Student services fees separate old friends

Last month five students, with the aid of conservative Christian attorney Jordan Lorence, filed a lawsuit that challenges the constitutionality of the current system of distributing the mandatory student fee of $158.01 to a variety of student groups. One of the five students is Matt Curry.
I’ve known Matt since our first days at the University of Minnesota almost four years ago. Matt and I both participated in, and later worked as Junior Tutors for, the Residential College Program at Argyle House. We’ve planned programs and even recently attended a job interview together. But, I’m deeply saddened by his recent lawsuit against the University’s fee allocation system.
I know that Matt is not pursuing this lawsuit for fame or some exorbitant settlement. Instead, this lawsuit is against something that he honestly believes to be unjust. Though this is honorable and highly respectable, I’m pleading with Matt and his friends to reconsider.
As much as the University would like to consider itself a diverse institution, it is not. Minority representation here is well below the national average.

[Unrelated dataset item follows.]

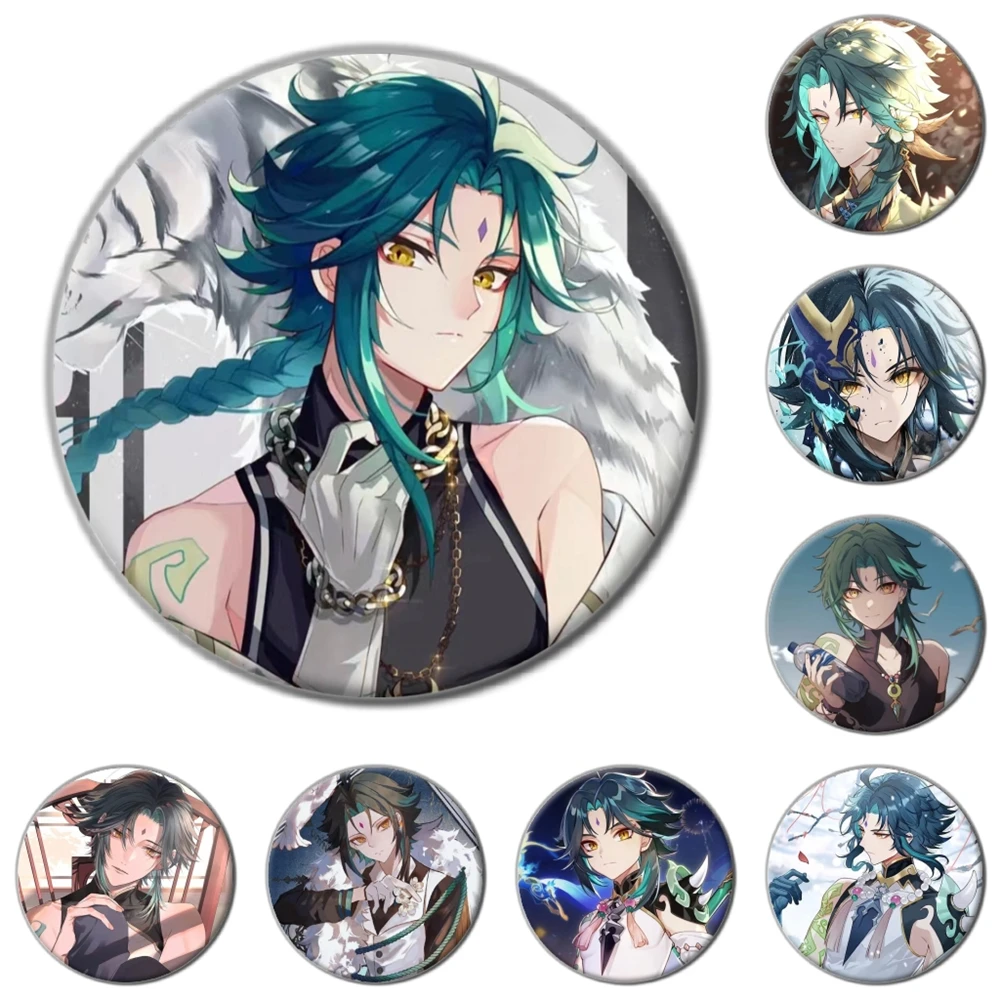 

58 мм игра Genshin Impact Xiao косплей костюм значок булавка SPTE жесть брошь реквизит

I don’t have to get up on my soapbox and address the continuing struggle for equality to emphasize the need for the La Raza Student Cultural Center, the Queer Student Cultural Center, and the University Young Women.
These student groups depend on continued revenue from the student service fees. Every dollar counts because budgets are drawn up based upon requested allocations. Every time these budgets are cut, programs have to be canceled, fliers cannot be distributed, and staff must be reduced.

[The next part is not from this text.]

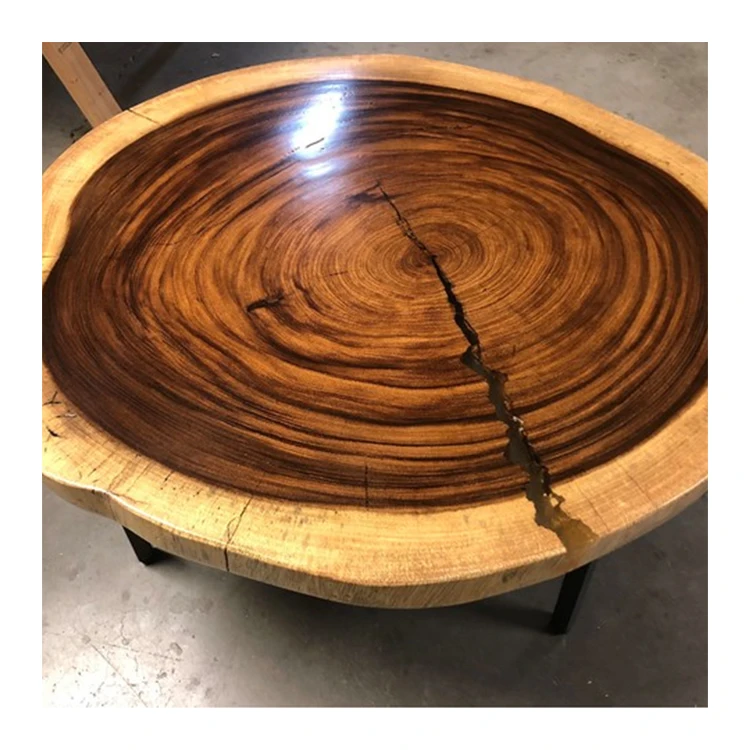 Round Walnut Slab Coffee Table With Resin Solid Wood Coffee Table Customized Size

Students should have the opportunity to be exposed to ideas that differ from their own. This is the cornerstone of the First Amendment. Yet, the most endangered species in our great land of freedom is someone who retains his or her freedom of speech. If these student groups receive even a dollar less than what they have requested, are we not limiting their ability to spread their message?
I wonder if Matt remembers those first few days freshman year? Attending one of the largest universities in the country was an intimidating and daunting venture. We had the benefit of being the first group of students in the Residential College program, which provided a service for us to find students with the same interests and passions as ourselves. If this lawsuit is successful, are we not taking away the same opportunities for students of different sexual preferences, gender, or race that we had when were freshmen?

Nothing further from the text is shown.